There is the chance of a large segment of the population in your Urban environment would move on, leaving a smaller percentage of the population and therefore a better chance of organization for the better good of all. This may well open other resources such as water,……think water heaters, swimming pools and polluted sources of water that you can purify. Even then unless you have a full time water source and ability to grow food for yourself, and, maintain security this will be iffy.

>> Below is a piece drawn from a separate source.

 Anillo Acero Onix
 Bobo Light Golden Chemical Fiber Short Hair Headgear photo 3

So back to the conversation between my buddy and the older guy. They discuss the older gent’s plan to move to an unpopulated stretch of river were he would have a water source and where he could hunt and fish for food. This will rapidly turn into literal survival scenario,…..scratching an existence out of nothing, as opposed to decent living. A camper, six months or more of stored food, seeds and a small group of alike minded and supplied people would make this much more viable.

This all boils down to preparation. Everybody be safe and prepare well.

Thursday, May 6, 2010

Urban Survival Skills – Wilderness Survival

I am often asked for recommendations on wilderness survival training courses and references on back country survival.

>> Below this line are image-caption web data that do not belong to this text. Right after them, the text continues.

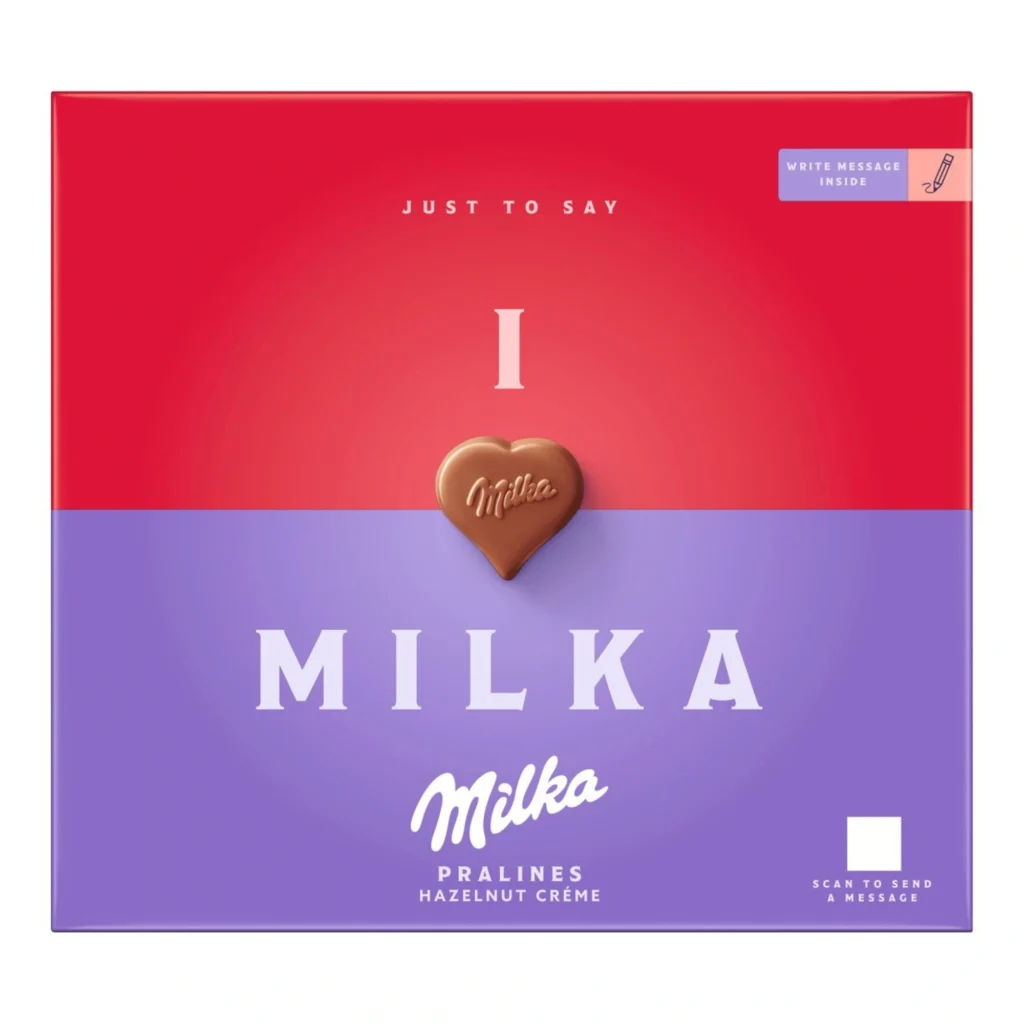 I Love Milka Hazelnut Cream 110gr 10 τεμ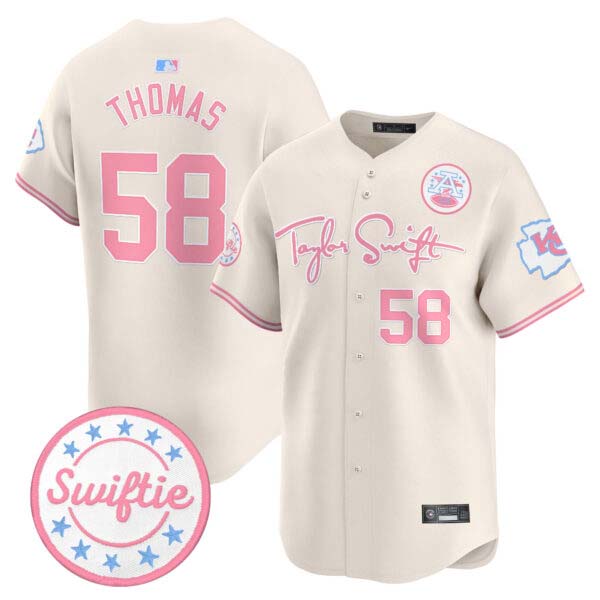 Unisex Chiefs Taylor Swift Bubblegum Pink Vapor Premier Limited Jersey – All Stitched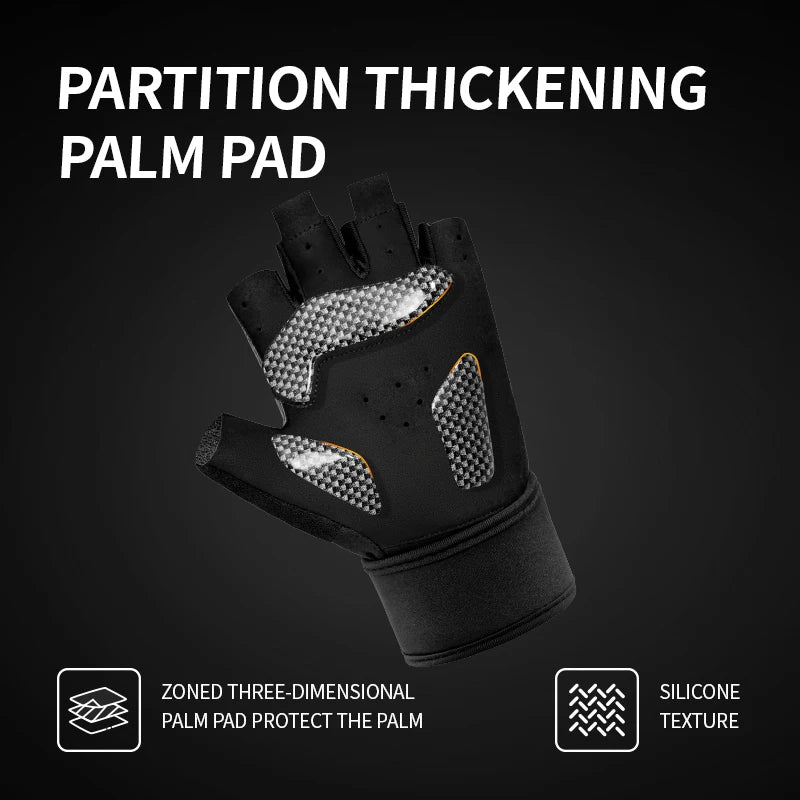 GOUNOD Gym Gloves for Men Women Fitness Weight Lifting Wristband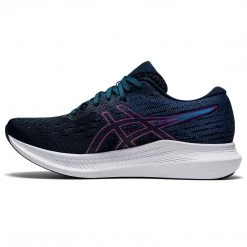 Asics Women's Evoride 2 Running Shoe -French Blue/Digital Grape- Regular (B)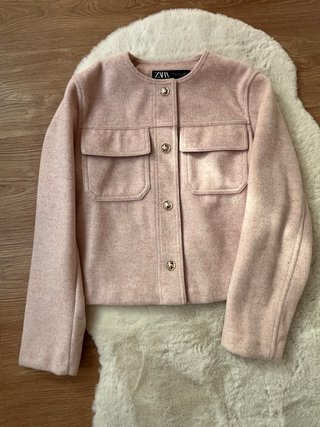 Chaqueta Zara Rosa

I was a Wilderness Survival Instructor for a military course where we presented two days of hands on round, robin type instruction on various desert survival related subjects including: Survival Sheltercraft; Building expedient weapons; Traps, Snares and Hunting; Water procurement and Purification; Edible Plants and Medicinal Uses; Poisonous Plants; Poisonous Dwellers (predominantly Rattlesnakes); Fire Starting; Navigation without mechanical aids; and, Recognizing and treating Dehydration and Heat Injuries. We then placed these individuals in small teams into a desert environment where they had to move 60 miles in 8 days to a pickup point for recovery. They were not given anything other than 2 one quart canteens and knife and some parachute suspension line, and, only eat or drank what they found or caught.

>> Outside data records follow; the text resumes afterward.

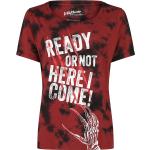 T-Shirt Manches courtes de Les Griffes De La Nuit - Ready or Not - Here I Come - S à XXL - pour Femme - rouge foncé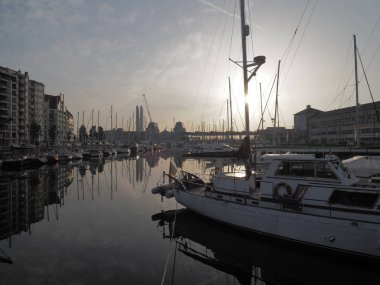  Demiryolu stati ile Ostend marina 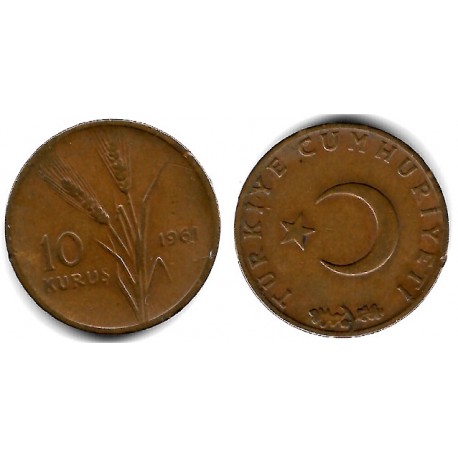 (891.1) Turquía. 1961. 10 Kurus (MBC-)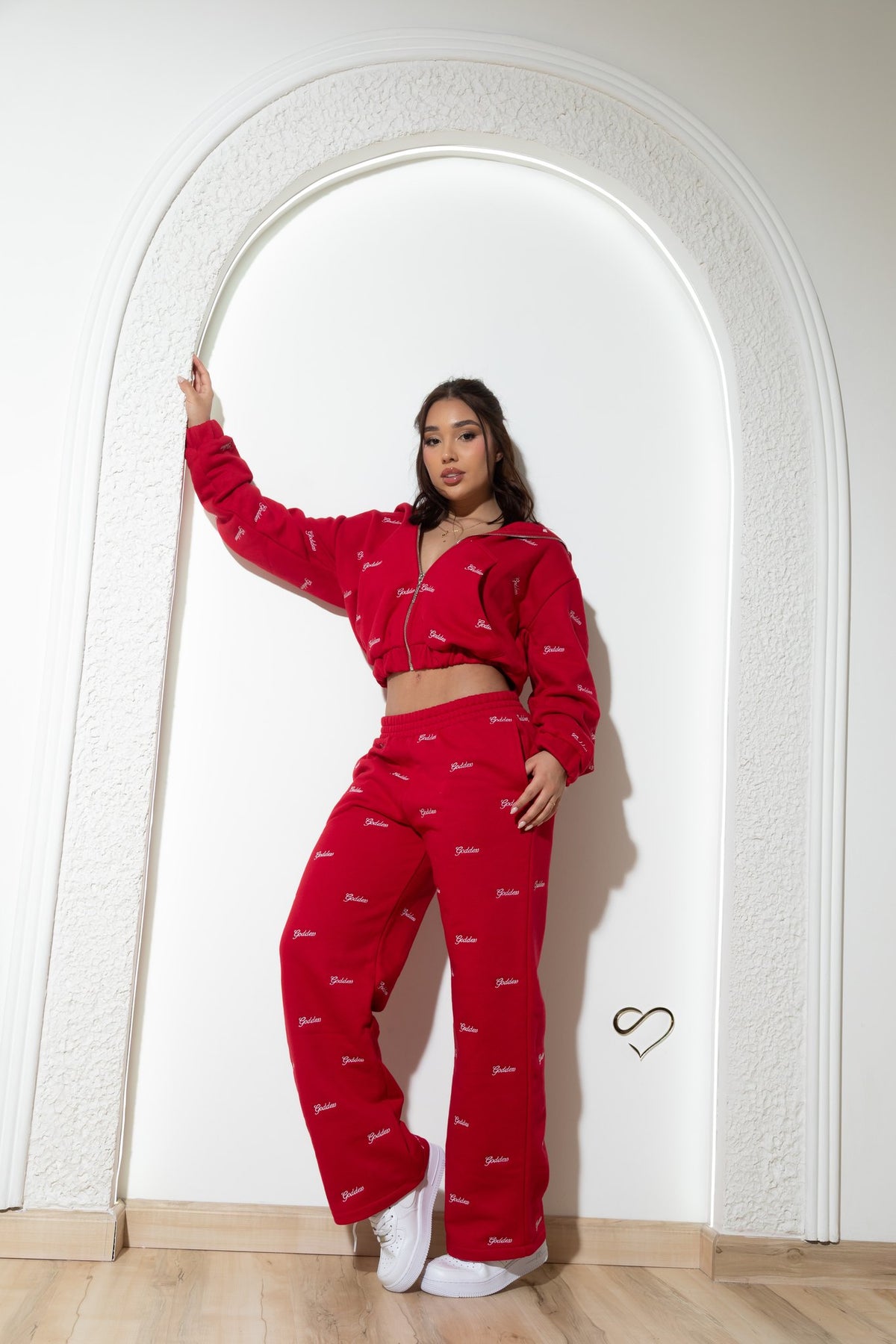 Conjunto Goddess Ruby Rojo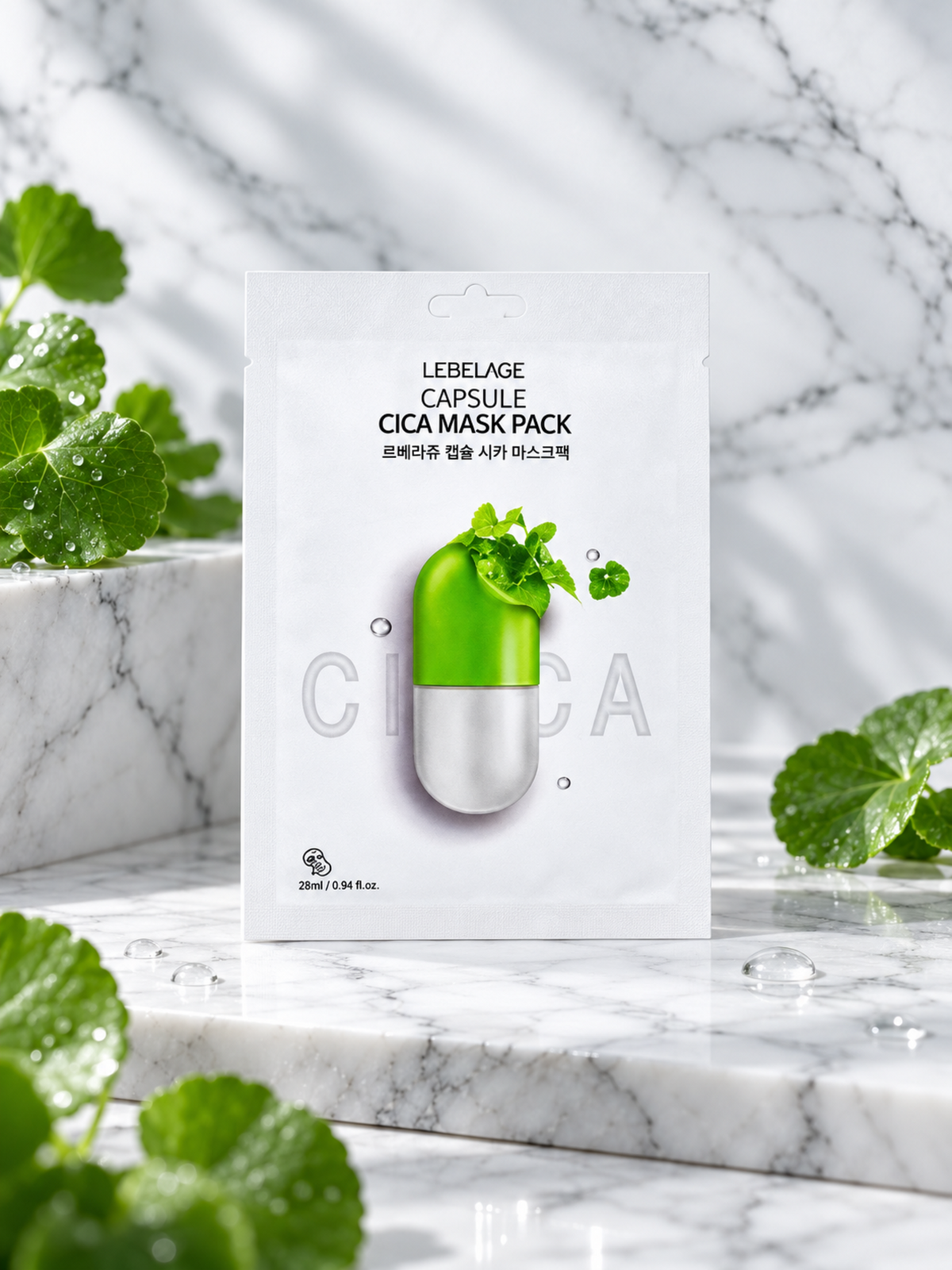 Lebelage Máscara Premium De Hidratação De Cápsula De CICA 28ml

Anybody going through this training will have the skills and understanding to survive not only in Desert environments or also other wilderness’ as principles and techniques are essential the same even as some of the environmental concerns, animals and plant life changes.

But understand that being stranded in a wilderness and surviving until recovered is much different is living in degraded society after a collapse. To put it another way, anybody with sufficient training and skills can survive like an animal but living with any quality in an environment without packaged foods, services provided electricity and greater threats such as overtly operating gangs of criminals and lack of medical infrastructure is going to take a lot of planning, preparation and the acquisition of Survival related Gear, Equipment and Supplies.

Having said that, learning about surviving in the wilderness is something for the Urban Survivalist to consider especially if the Bug Out plan following a collapse may include transiting rural or remote areas, and possibly moving overland on foot. The Survival Bug Out Bag, which consists of essential Survival Gear and Equipment, should ensure you have the tools to survive until you get to your prepared Safe Location, but your movement may be much slower than you anticipate and you may run out of essential supplies and/or lose some of all of your kit.

So it pays to have the Wilderness Survival training and skills. Barring that the next best step is to have some decent reference material on Wilderness Survival.

For General Wilderness Survival there are three excellent books among many that we recommend: Tappan On Survival, by Mel Tappen; US Army Field Manual on Survival; and, John Wiseman’s SAS Survival handbook. These are available through the Recommended Reading link to the left and also on the bottom of this page.

For specific topics such as Edible Plants, three of the best resources we have found are; Wild Cards: Edible Wild Foods, by Linda Runyon; Edible Foods Master Class (book and DVD); and, an old time classic, Stalking the Wild Asparagus, by Euell Gibbons. Other good edible plants book are a available as well.